In scenarios such as these, simple policy approaches will not bring lasting change or recovery. The multilayered reality of disadvantage requires a multifaceted approach.

It is this understanding of disadvantage and a passion to address it that underpin the government’s Social Inclusion agenda.

This agenda is about ensuring that all Australians have the opportunity to be fully engaged in our community, whether that be through participation in work, education, volunteering or other social and cultural activities.

Addressing homelessness and disadvantage among people with mental illness is a very important part of our agenda.

This is because people with mental illness who are homeless often suffer the greatest exclusion of all. They can be frozen out of making choices about their lives. They also struggle to secure work and participate in their community, and generally have greater difficulty accessing services.

And, as the stories in the report show, for young people with mental illness, homelessness makes it even harder to complete education, increasing the risk of social exclusion in adulthood.

This report provides yet more evidence that tackling homelessness and disadvantage is not a straight forward, simple task.

The reasons for homelessness among people with a mental illness are diverse and often compounding.

This multiplicity of problems defies an approach based on single isolated interventions.

This is why our social inclusion approach to tackling disadvantage focuses on the person in need, rather than the service that is provided.

Our objective is a “person-centred” approach, where organisations and government departments coordinate to “wrap” their services around individuals, sharing information, designing integrated care plans and taking into account their personal circumstances and needs.

I know that I am at some risk of “preaching to the choir” given the work your organisations do and the coordinated, person-centred solutions the report recommends.
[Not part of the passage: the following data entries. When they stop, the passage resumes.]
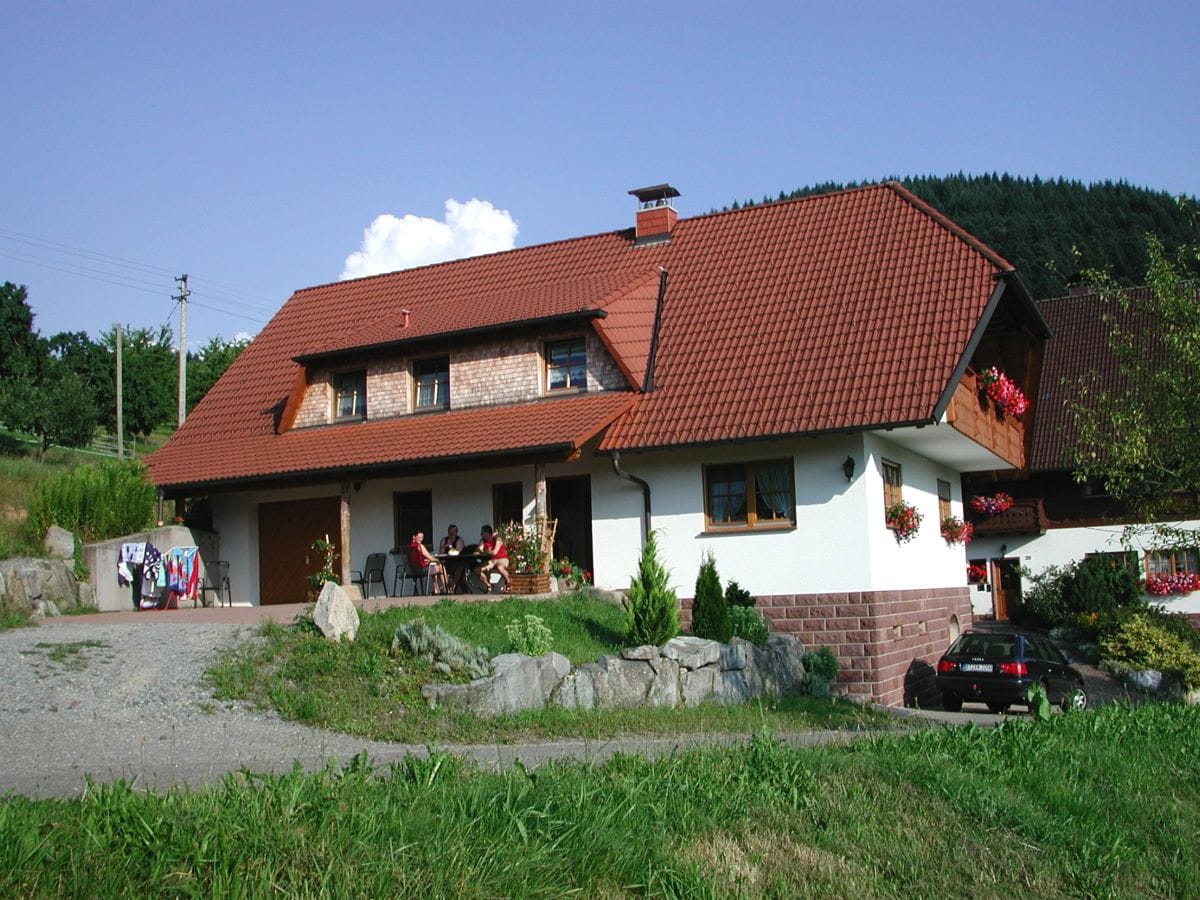 Ferienhaus Löchlehof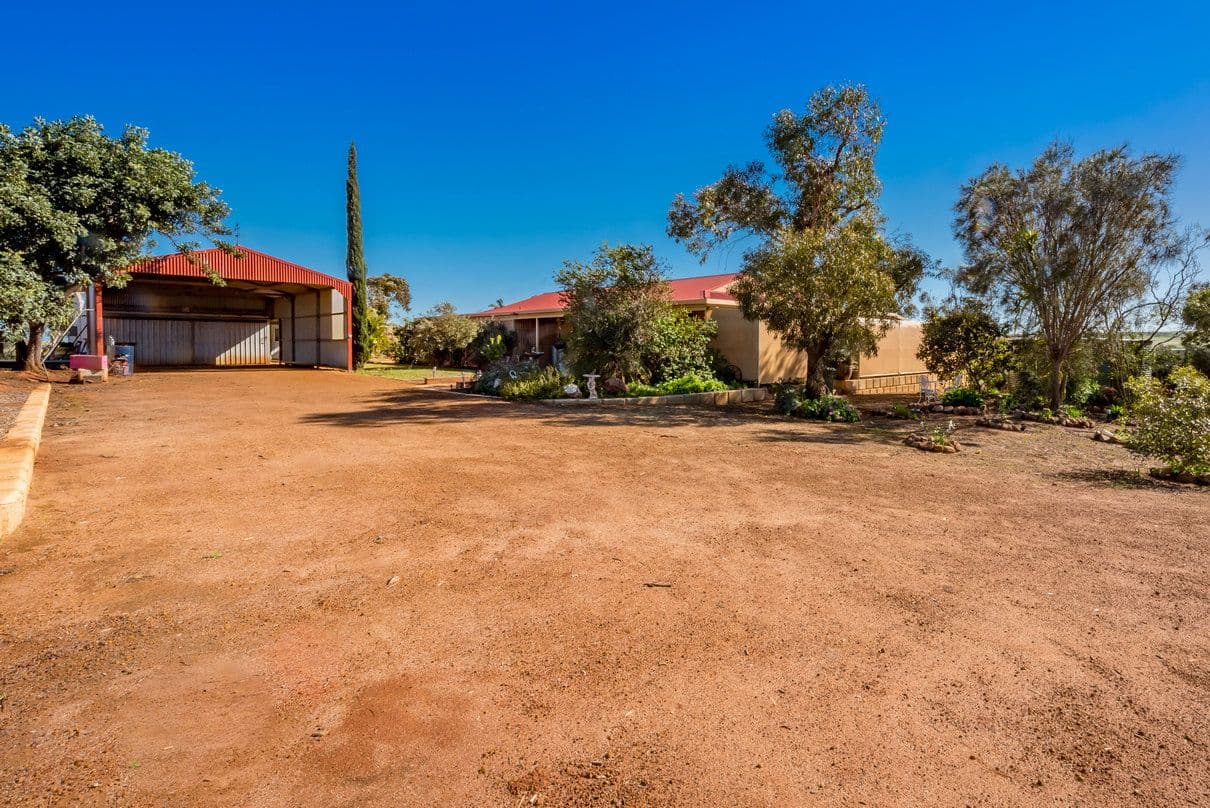 25 Harney Street, Northampton WA 6535, Northampton - Thumbnail 4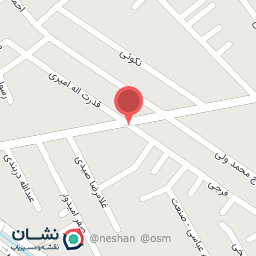 عکس ایستگاه اتوبوس حاج محمد ولي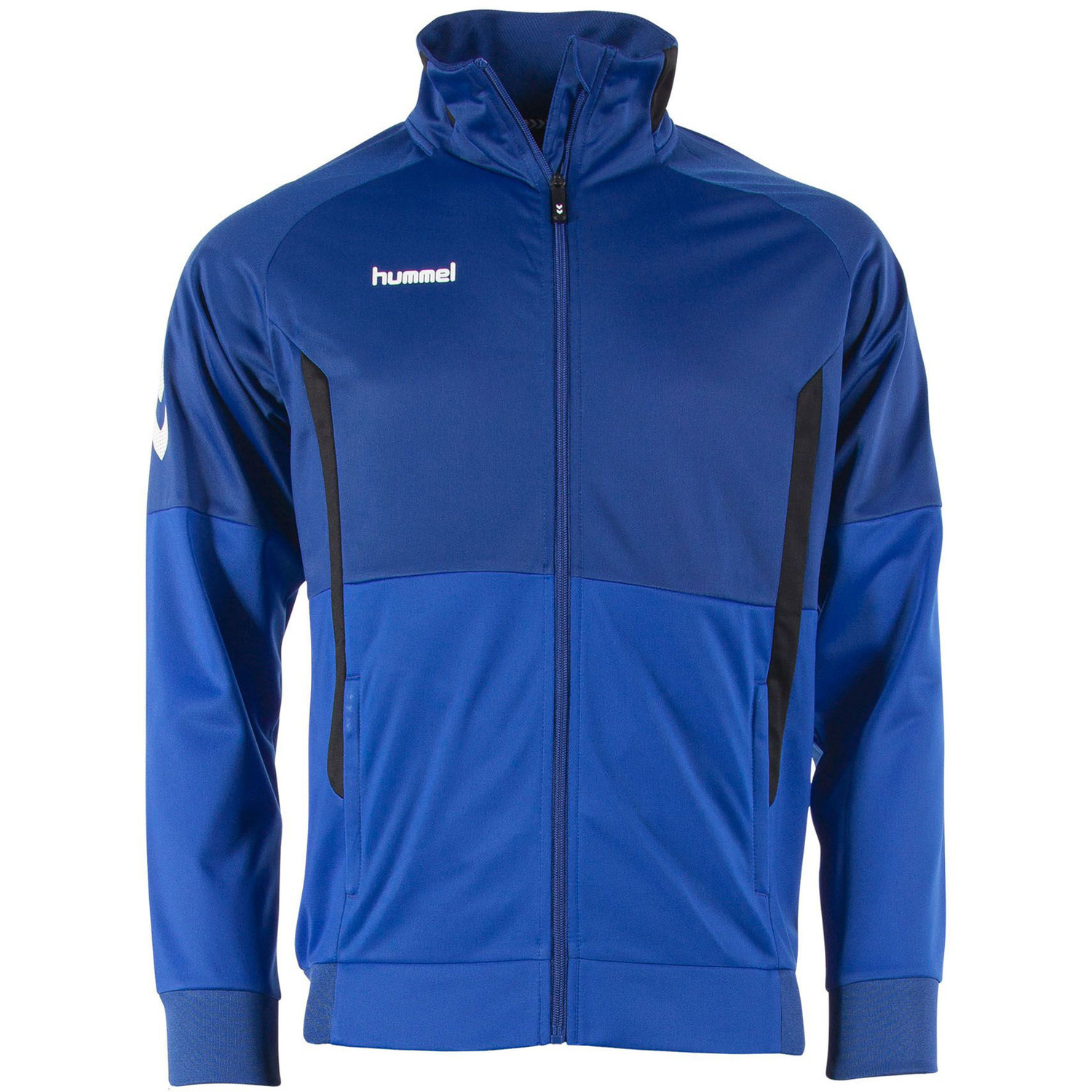 Hummel Authentic Jacket FullZip Kids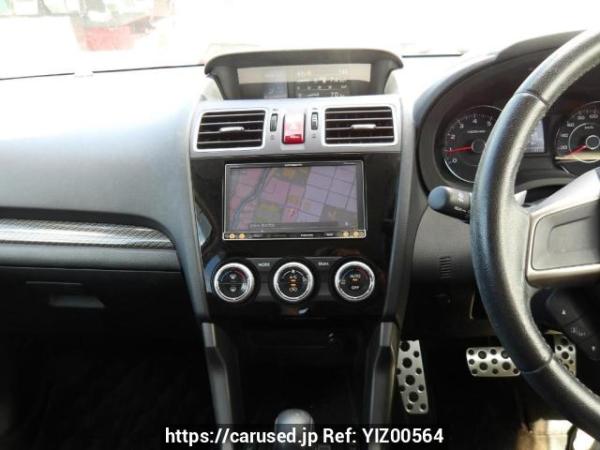 Used 2014 AT subaru forester SJ5 Image[19]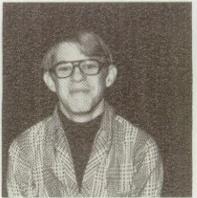 Harry Atwood's Classmates profile album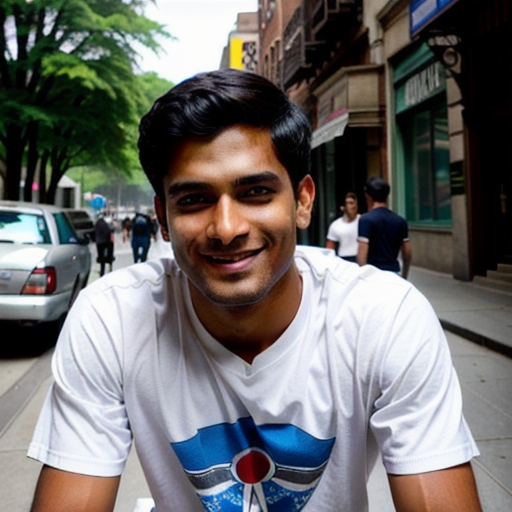 ankit deshpande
However, I wanted to assure you that the government recognises the points you raise about the need for community-based, consumer-focused programs and we are driving reform across the public sector in how we develop and deliver policies to target those most in need.

An important component of this new approach is the focus on partnerships across all levels of government and with the non profit sector.

We have been working with the states and territories through COAG on developing an integrated national approach to mental health service delivery that reorients mental health policy towards prevention and early intervention, and is well integrated with other primary care and specialist services.

We have also been consulting widely in developing our National Mental Health and Disability Employment Strategy, which aims to reduce barriers to education and employment. We know that participation in the community is crucial to positive mental health outcomes, and employment is one very important way to keep people engaged in their communities.

We also know that holistic approaches, person-centred approaches are only possible through strong partnerships, especially with organisations such as yours which are the first point of contact for people in difficulties.

Your perspectives are invaluable in providing government with the view on the ground and in acting as advocates for those who may have difficulty having their voice heard.

The social inclusion agenda seeks evidence based approaches. We want to find solutions that work and that’s why we welcome the Home Truths report.

The report will make a valuable contribution to our knowledge of the connection between mental illness and homelessness, and will help to inform our policies not only on housing but also as we implement our social inclusion agenda.

Once again I congratulate the Mental Health Council of Australia on compiling this important report.

Thank you for the opportunity to speak to you today.